The PMI for the services sector, which accounts for 77.8% of UK GDP, has remained rooted in the high 50s during the quarter, with readings of 58.7, 56.2 and 58.6 for October, November and December respectively. These are slightly down on the 60.5 from September, however, it shows the kind of consistency that has allowed the UK to maintain over 3.0% annual growth at a time when others are struggling for 1% growth.

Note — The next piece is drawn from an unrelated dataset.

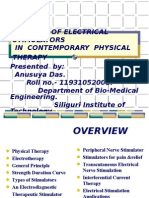 The Role of Electrical Stimulators in Contemporary Physical Therapy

Retail sales were a mixed bag over the quarter, but it managed to gain momentum leading into the Christmas period, with November’s sales rising 1.6% from a month ago. This leaves overall sales up 6.4% from the same time a year ago, which is a fantastic result and again highlights the good position the UK economy is in.

MONETARY POLICY:

The interest rate has not budged from the 0.5% it has been at since March 2009, meaning the rate has not changed a staggering 70 times. The reason the rate is not moving at the moment despite the UK economy being robust enough to absorb a rate rise is that inflation is simply too low. Figures released in December show CPI falling to just 1.0% y/y, which is at the very bottom of the BoE’s 1-3% target range. Wage inflation too has been a slight disappointment at just 1.4%.

UK CPI

The market is betting on a rate rise in 2015, however, Governor Carney is unlikely to increase interest rates at all while inflation is threatening to break out lower of the target range. Thanks to the low inflation, the stimulus will be held in place and that’s something the BoE has been keen to keep for some time now. With a robust GDP growth rate, Services PMI and a strong labour market, the UK economy is sitting pretty.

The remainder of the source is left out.